Reputation: 5236
I have a String list as below. I want to do some calculations based on if this list has multiple elements with same value.
I got nearly 120k elements and when I run this code it runs too slow. Is there any faster approach than contains method?
List<String> words= getWordsFromDB(); //words list has nearly 120k elements
List<String> tempWordsList = new LinkedList<String>(); //empty list
String[] keys = getKeysFromDB();
List<String> tempKeysList = new LinkedList<String>();
for (int x = 0; x < words.size(); x++) {
if (!tempWordsList.contains(words.get(x))) {
tempWordsList.add(words.get(x));
String key= keys[x];
tempKeysList.add(key);
} else {
int index = tempWordsList.indexOf(words.get(x));
String m = tempKeysList.get(index);
String n = keys[x];
if (!m.contains(n)) {
String newWord = m + ", " + n;
tempKeysList.set(index, newWord);
}
}
}
EDIT: words list comes from database and problem is there is a service continuously updating and inserting data to this table. I don't have any access to this service and there are other applications who is using the same table.
EDIT2: I have updated for full code.
Upvotes: 1
Views: 89
Reputation: 50716
LinkedList.get()
runs in O(N) time.
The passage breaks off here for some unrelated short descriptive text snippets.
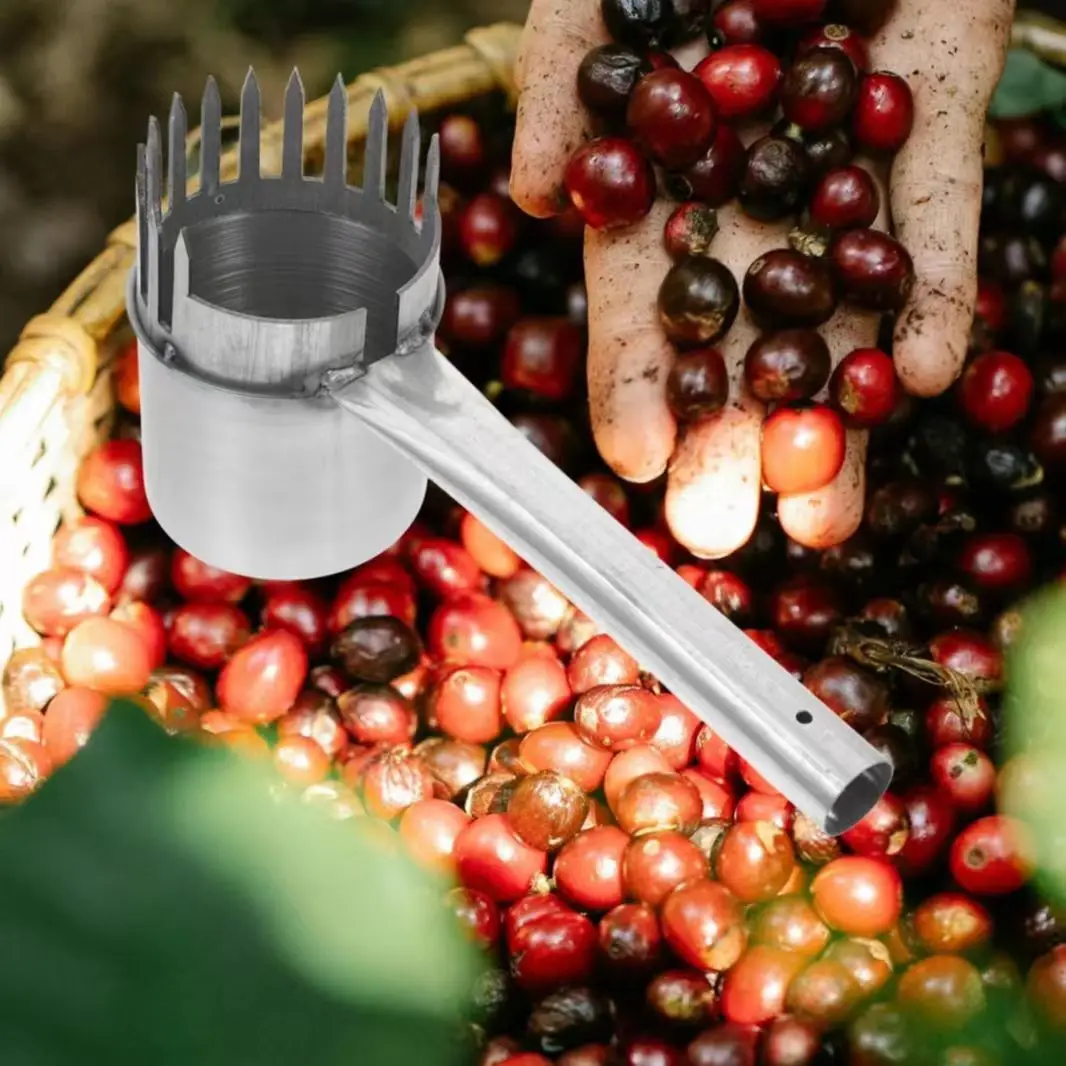 1pc Garden Fruit Picker Tool, Easy-To-Use Fruit Harvesting Device for Farmers & Gardeners, Efficient Fruit Picking Equipment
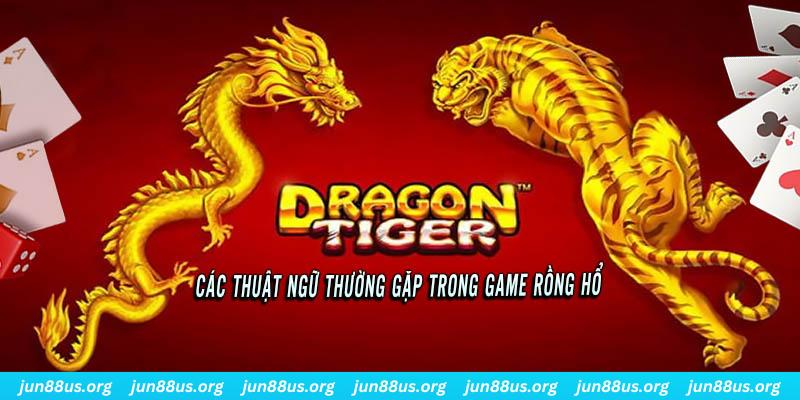 nuhu90 ÁT CHỦ BÀI ĐẤU ĐỊA CHỦ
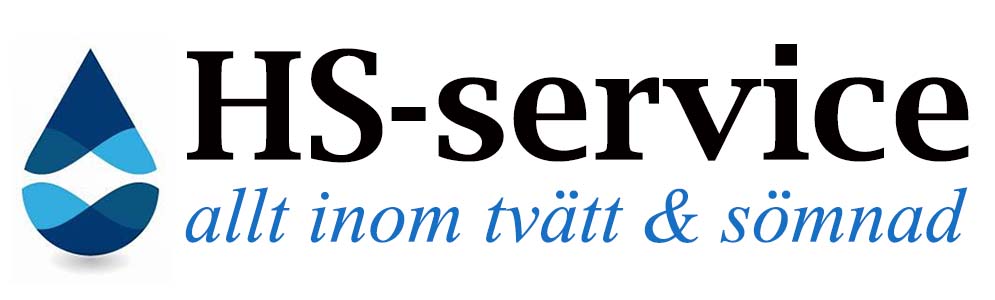 HS-service NY LOGO 2024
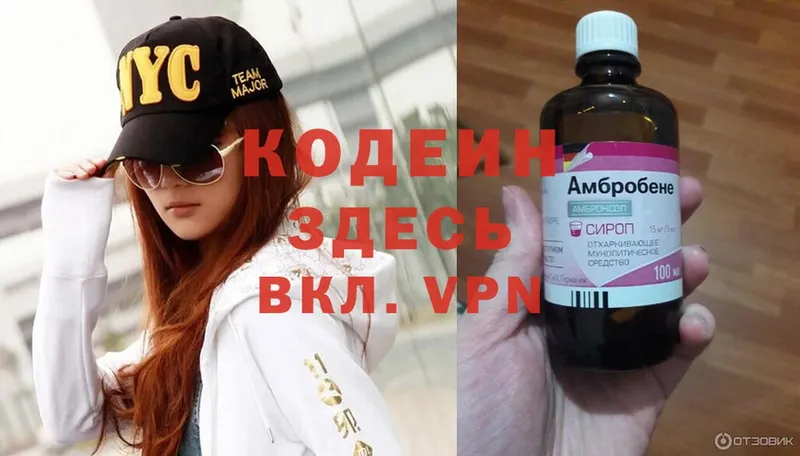 где купить наркоту  Колпашево  Кодеиновый сироп Lean Purple Drank 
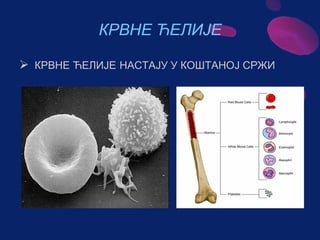 Sistem za cirkulaciju - krv i limfa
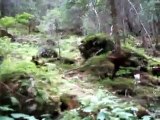 The YETI filmed accidentally - rare footage - FINAL PROOF OF ITS EXISTENCE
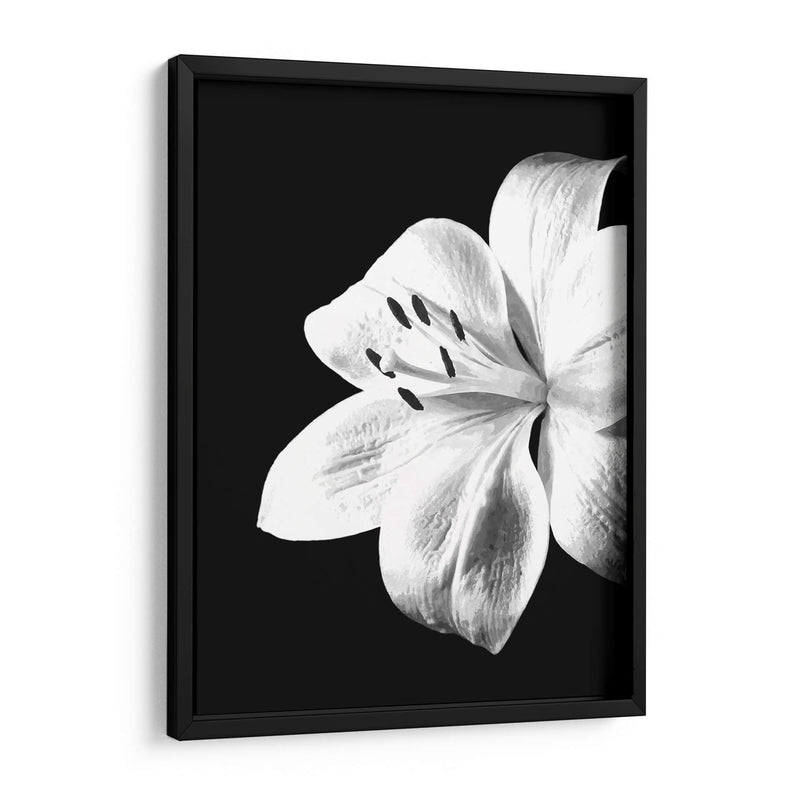 Lirio Blanco y Negro - Alemi | Cuadro decorativo de Canvas Lab
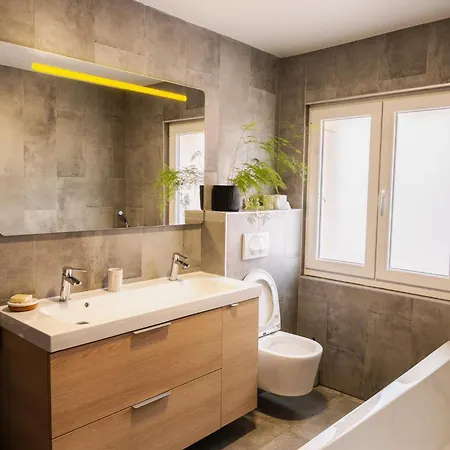 Apartment Beau Duplex Au Pied Des Vosges *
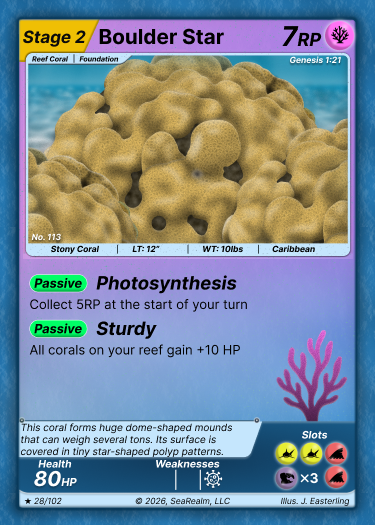 Boulder Star Coral
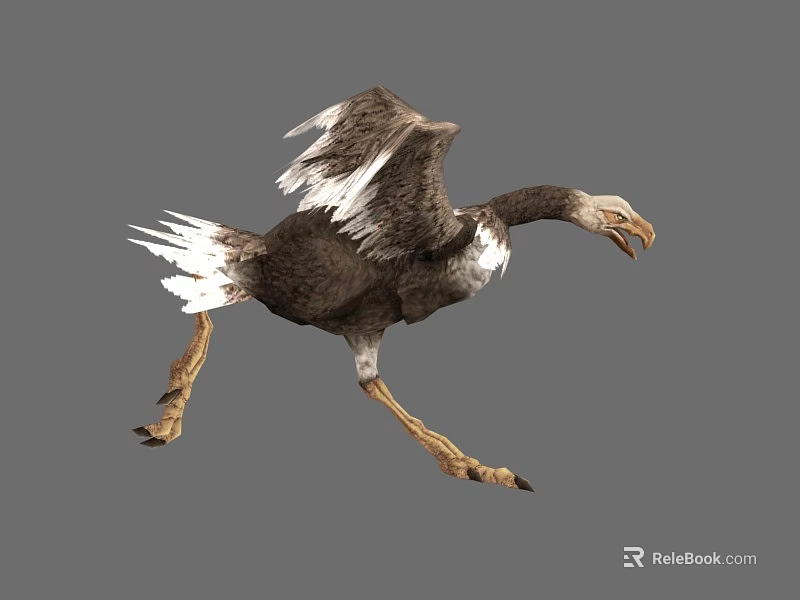 Realistic Ancient Reptile 3D Model Running With White Feathers On Gray Background 3d model 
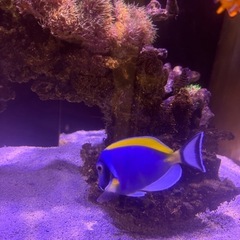 (海水魚)パウダーブルータン　取引限定の画像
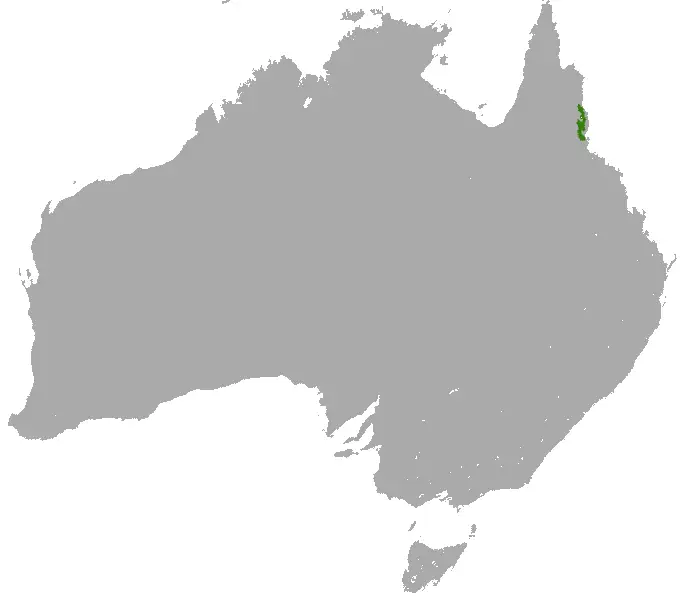 Деревний кенгуру Лумгольтца карта середовища проживання
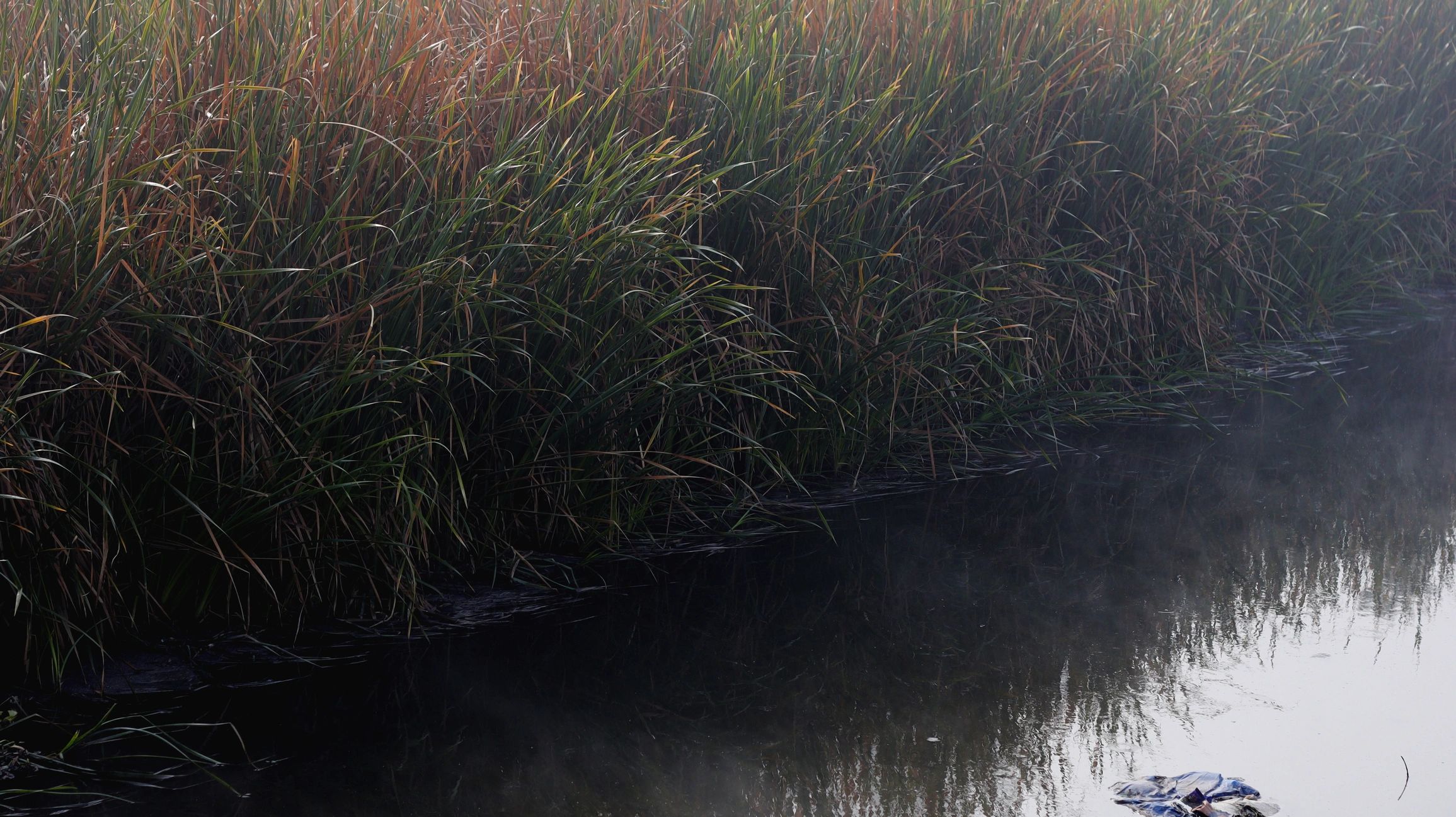 River landscape in winter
Either use ArrayList
with O(1) lookup time, or avoid indexed lookups altogether by using an iterator:
for (String word : words) {
if (!tempList.contains(word)) {
tempList.add(word);
} else {
int firstIndex = tempList.indexOf(word);
//do some calculations
}
}
Disclaimer: The above was written under the questionable assumption that words
is a LinkedList
. I would still recommend the enhanced-for loop, since it's more conventional and its time complexity is not implementation-dependent. Either way, the suggestion below still stands.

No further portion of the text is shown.